- _Work order_: The data below contains pictures, which are to be skipped; the lines starting at the line with "Water Minister Lisa" and ending at the line with "Lippert 2024043334 Folding" are to be output exactly, both ends included.

++++++++++

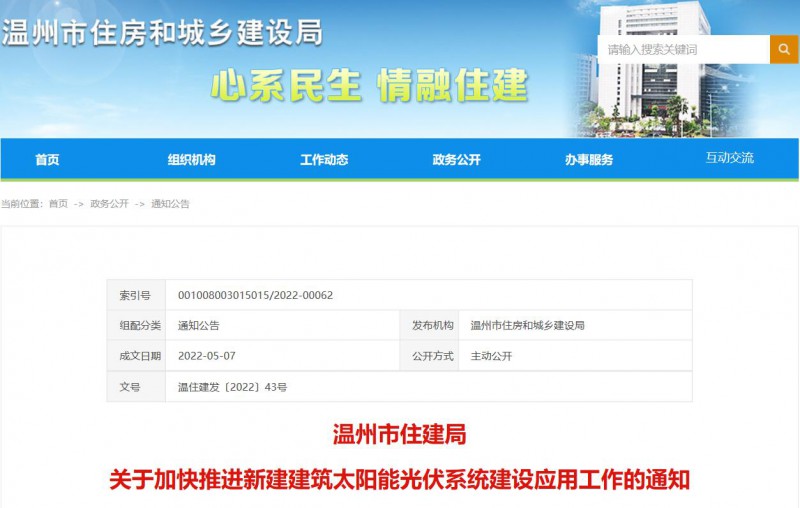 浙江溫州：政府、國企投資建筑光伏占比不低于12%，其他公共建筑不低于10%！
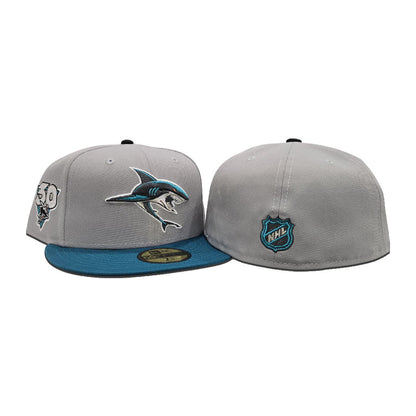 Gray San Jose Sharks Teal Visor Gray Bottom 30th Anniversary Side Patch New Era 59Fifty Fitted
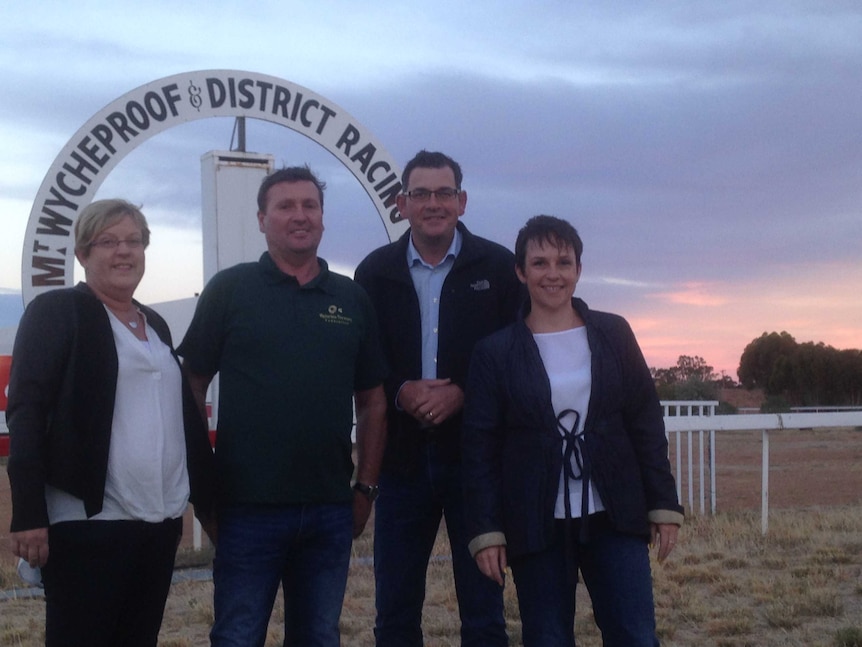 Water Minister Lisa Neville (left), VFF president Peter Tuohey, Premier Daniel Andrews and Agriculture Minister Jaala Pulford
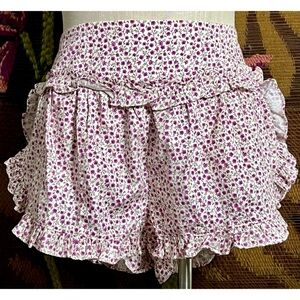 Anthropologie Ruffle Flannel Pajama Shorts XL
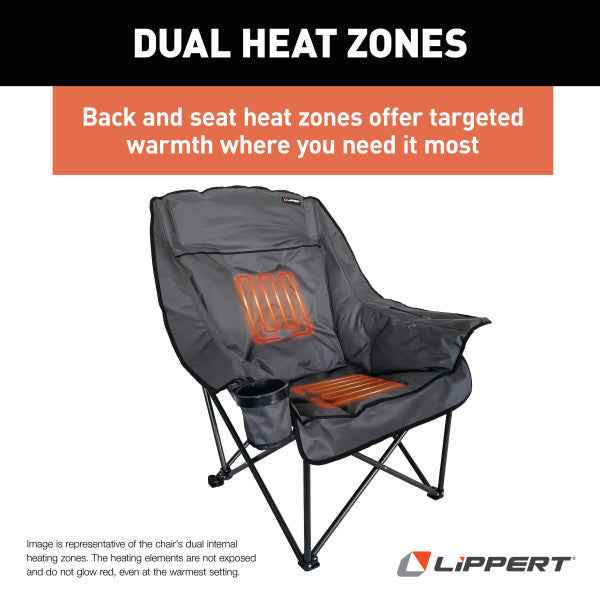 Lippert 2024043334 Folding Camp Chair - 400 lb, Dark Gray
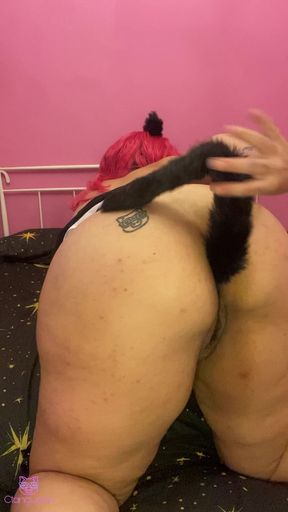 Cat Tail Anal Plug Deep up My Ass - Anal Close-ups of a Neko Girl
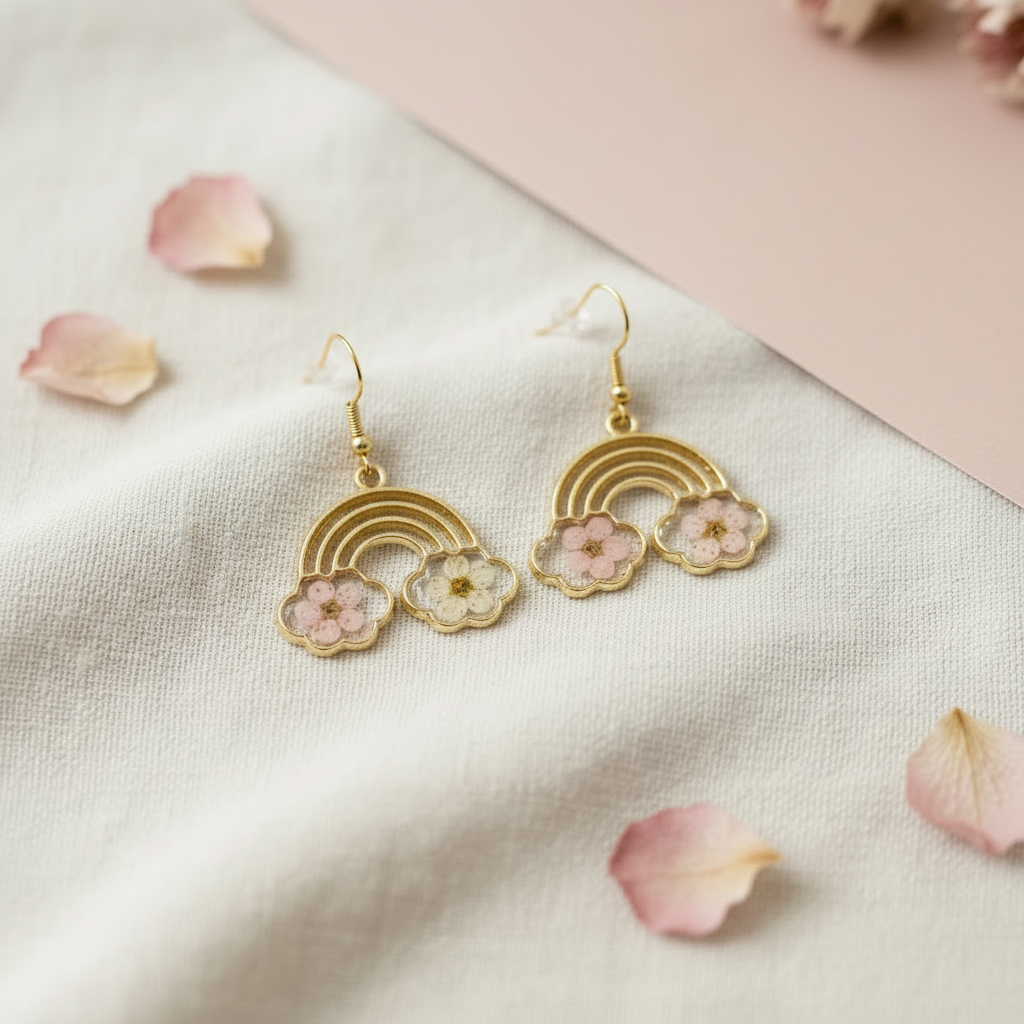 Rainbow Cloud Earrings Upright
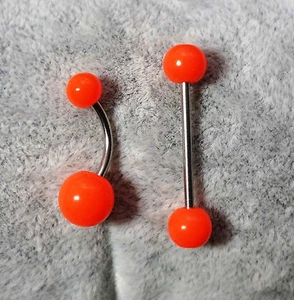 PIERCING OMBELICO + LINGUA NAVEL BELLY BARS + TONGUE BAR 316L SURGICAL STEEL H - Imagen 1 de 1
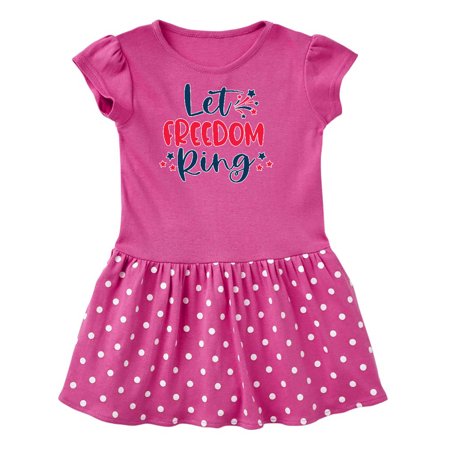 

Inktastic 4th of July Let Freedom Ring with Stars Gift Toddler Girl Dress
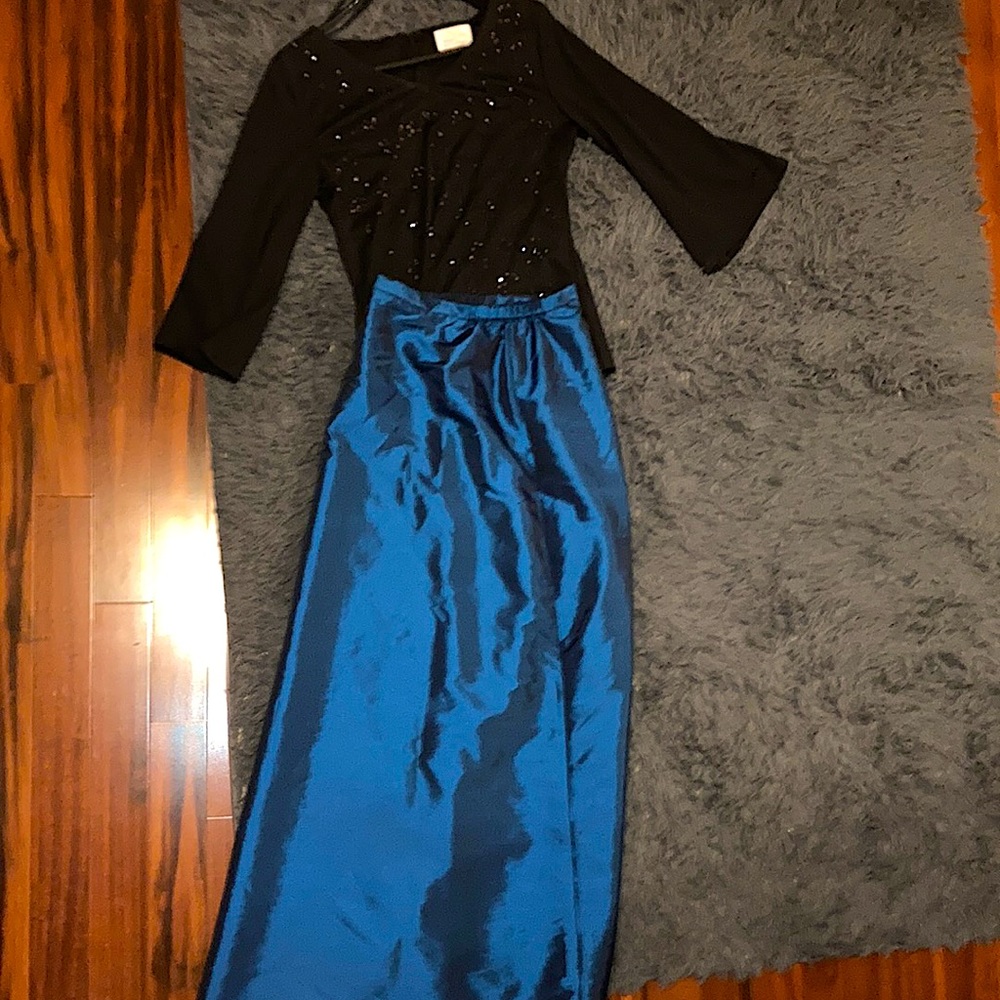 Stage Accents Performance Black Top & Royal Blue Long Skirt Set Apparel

++++++++++

- _Task solution_:
 Water Minister Lisa Neville (left), VFF president Peter Tuohey, Premier Daniel Andrews and Agriculture Minister Jaala Pulford
 Anthropologie Ruffle Flannel Pajama Shorts XL
 Lippert 2024043334 Folding Camp Chair - 400 lb, Dark Gray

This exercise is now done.